[PROVIDED DATA Boundary: Start]

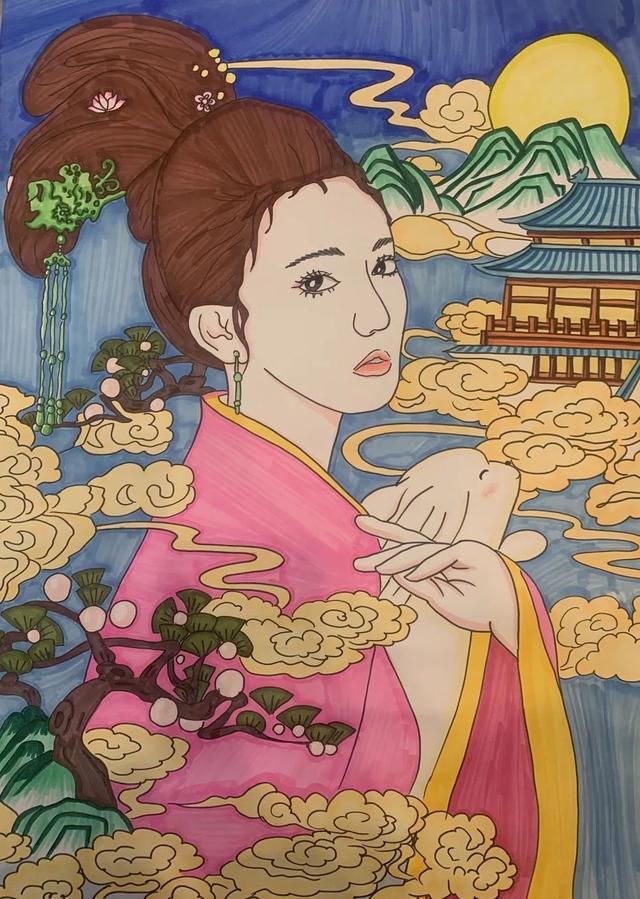 世界著名儿童画作品欣赏（创世神话童画中华）(11)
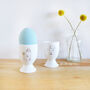 Pair Of House Egg Cups, thumbnail 1 of 4
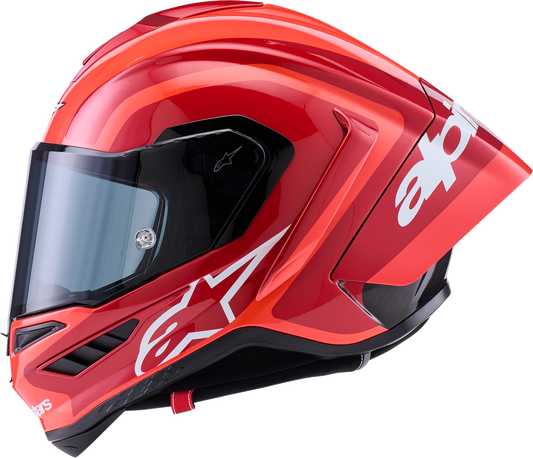 ALPINESTARS (ROAD) HELMET S-R10 ARIUS BK/WH/ DBL RD GLOSS ECE06/DOT XXL 8203926-1683-2X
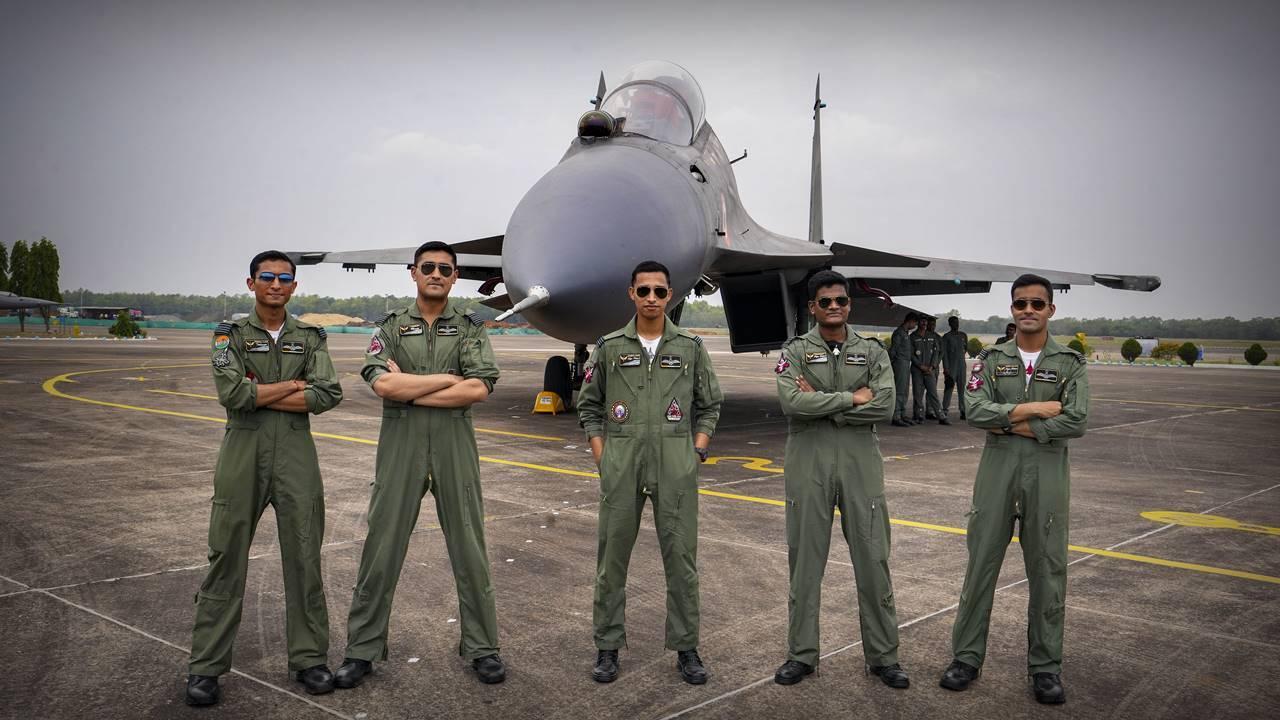 The Indian Air Force has employed Tejas, Rafale, Jaguar and Su-30 MKI fighter jets while F-15 is representing the United States Air Force in the exercise.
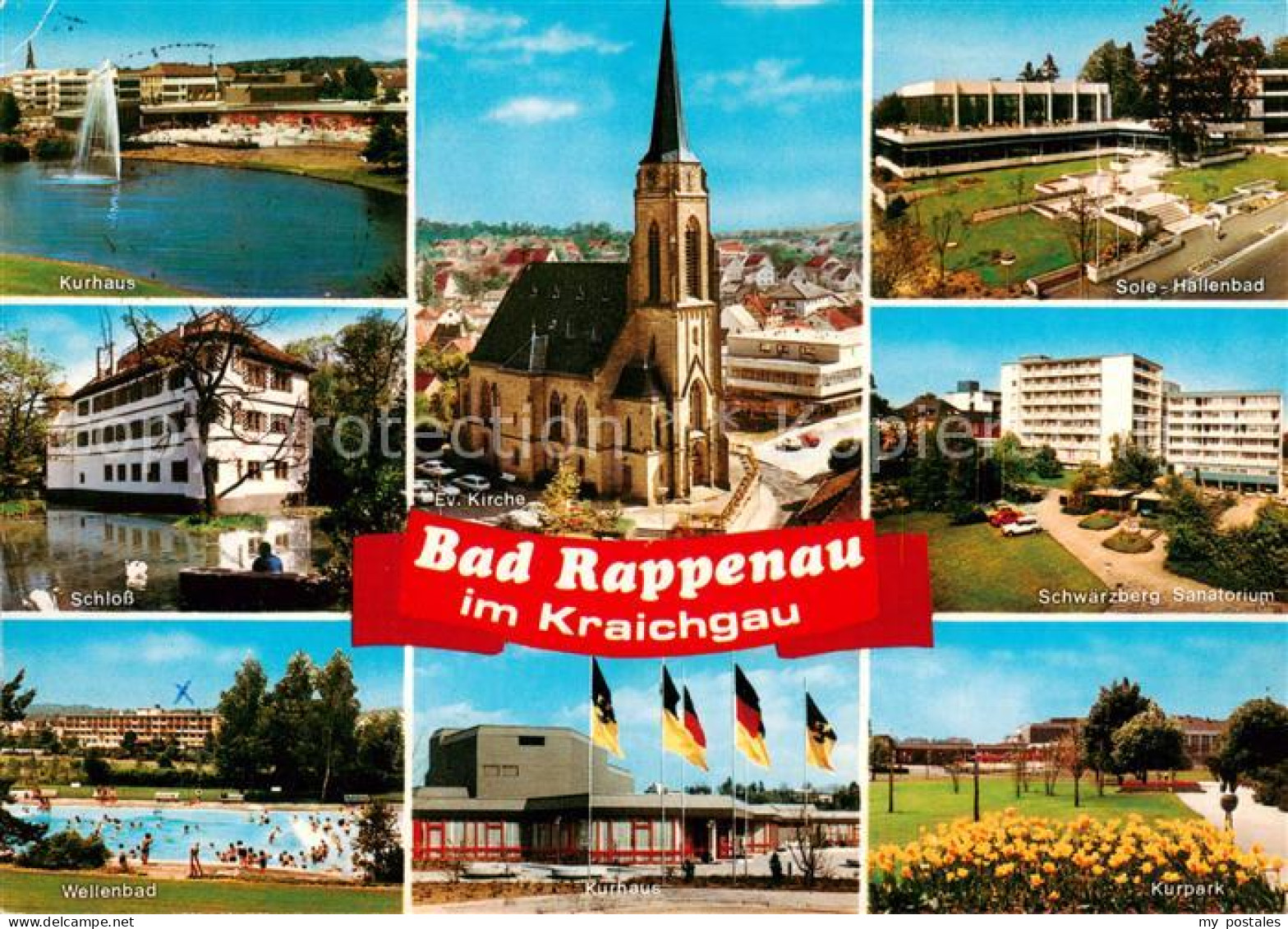 73814092 Bad Rappenau Kurhaus Schloss Wellenbad Ev Kirche Kurhaus Sole Hallenbad - Bad Rappenau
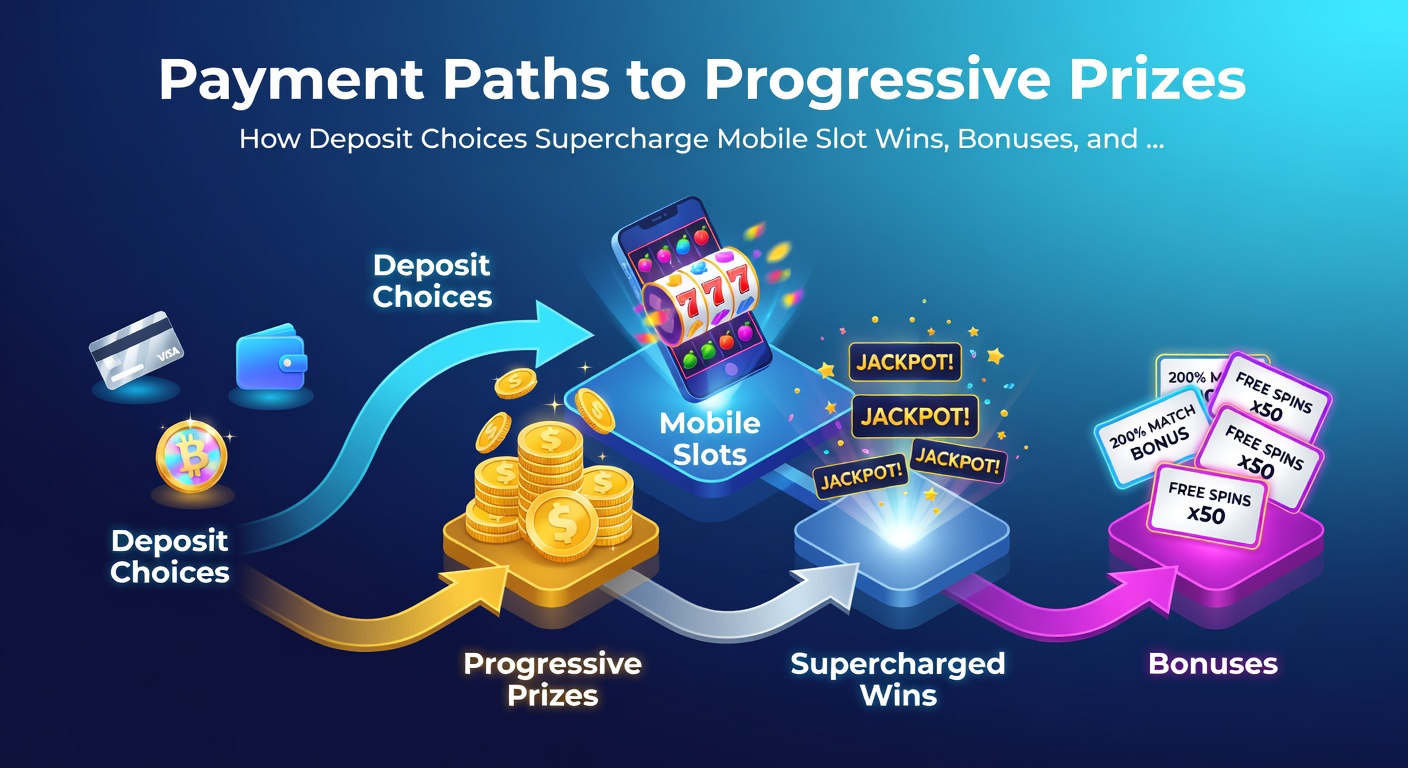 Grafiek toont jackpotgroei door stortingen en spins op mobiel scherm met betalingsiconen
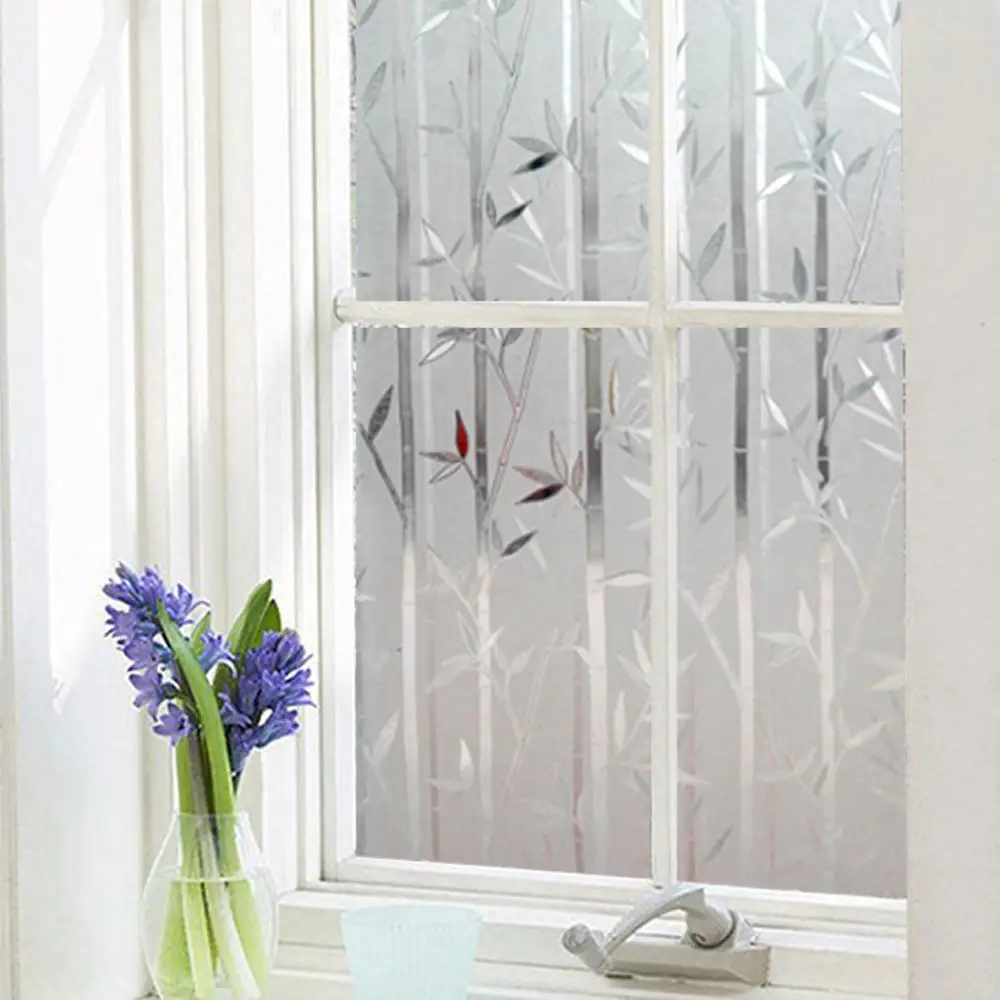 1 Pcs Frosted Privacy Frost Home Bedroom Bathroom Opaque Glass Window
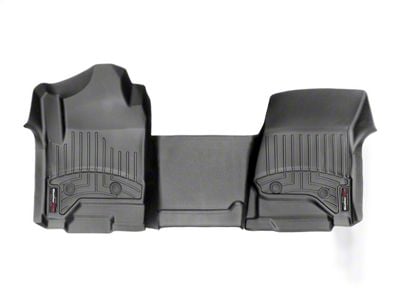 Weathertech DigitalFit Front Over the Hump and Rear Floor Liners for Vinyl Floors; Black (14-18 Sierra 1500 Crew Cab)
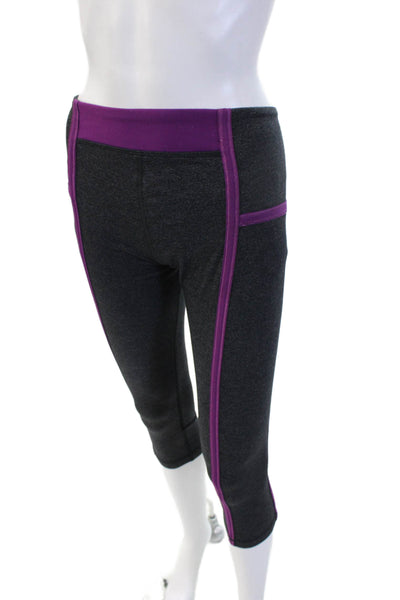 Lululemon Womens Cropped Dark Grey Leggings Size 6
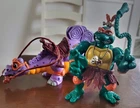 1993 TMNT Cave Turtle Mike W/ Dino COMPLETE Teenage Mutant Ninja Turtles Vintage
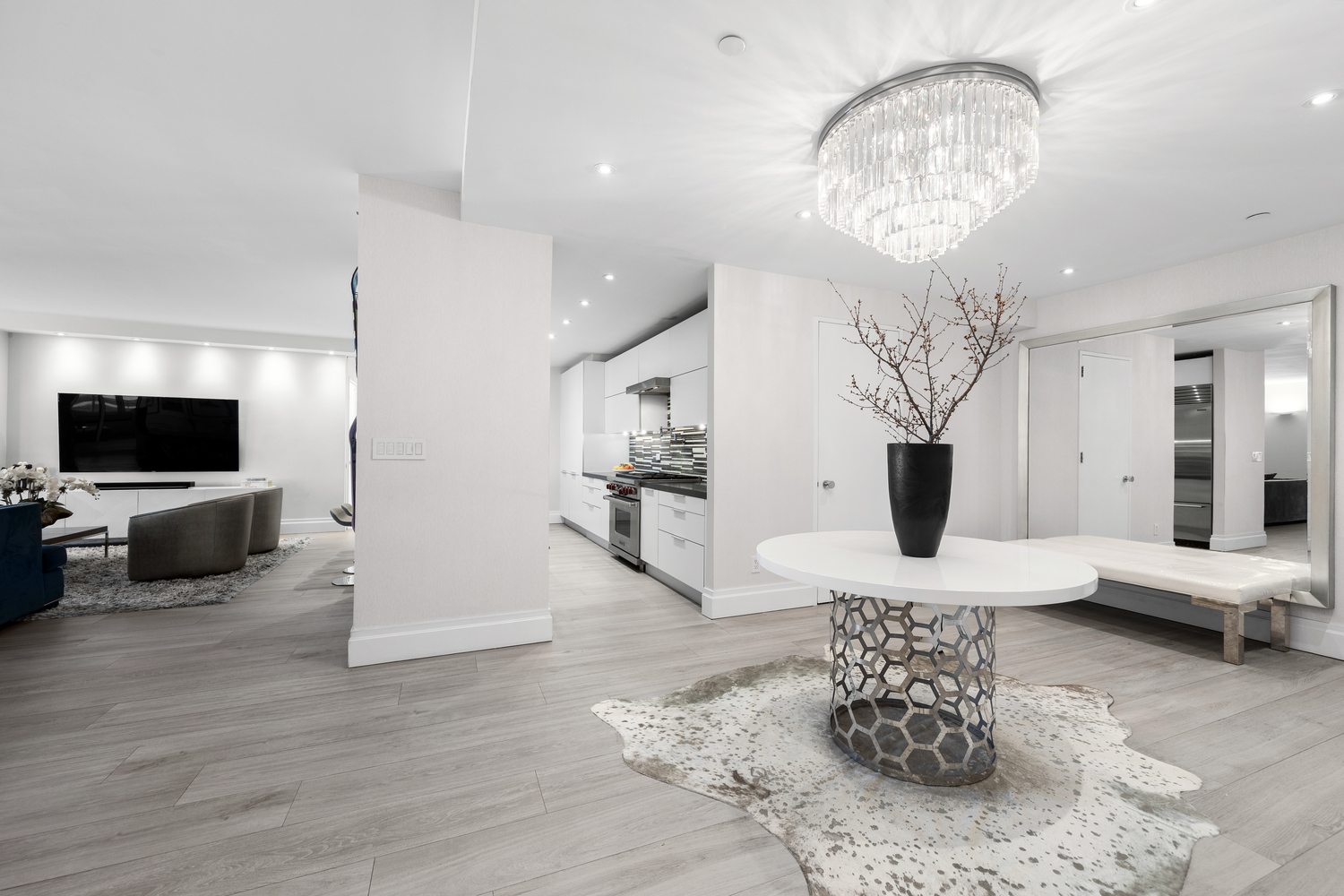 kitchen at 220 Riverside Boulevard 4H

[PROVIDED DATA Boundary: End]

• _WHAT YOU HAVE TO DO_: Only the lines starting at the one that holds "ALPINESTARS (ROAD) HELMET" and ending at the last line of the data belong in your answer. Please set them down exactly and omit the pictures.

• _THE COMPLETED TASK_:
 ALPINESTARS (ROAD) HELMET S-R10 ARIUS BK/WH/ DBL RD GLOSS ECE06/DOT XXL 8203926-1683-2X
 The Indian Air Force has employed Tejas, Rafale, Jaguar and Su-30 MKI fighter jets while F-15 is representing the United States Air Force in the exercise.
 73814092 Bad Rappenau Kurhaus Schloss Wellenbad Ev Kirche Kurhaus Sole Hallenbad - Bad Rappenau
 Grafiek toont jackpotgroei door stortingen en spins op mobiel scherm met betalingsiconen
 1 Pcs Frosted Privacy Frost Home Bedroom Bathroom Opaque Glass Window
 Weathertech DigitalFit Front Over the Hump and Rear Floor Liners for Vinyl Floors; Black (14-18 Sierra 1500 Crew Cab)
 Lululemon Womens Cropped Dark Grey Leggings Size 6
 1993 TMNT Cave Turtle Mike W/ Dino COMPLETE Teenage Mutant Ninja Turtles Vintage
 kitchen at 220 Riverside Boulevard 4H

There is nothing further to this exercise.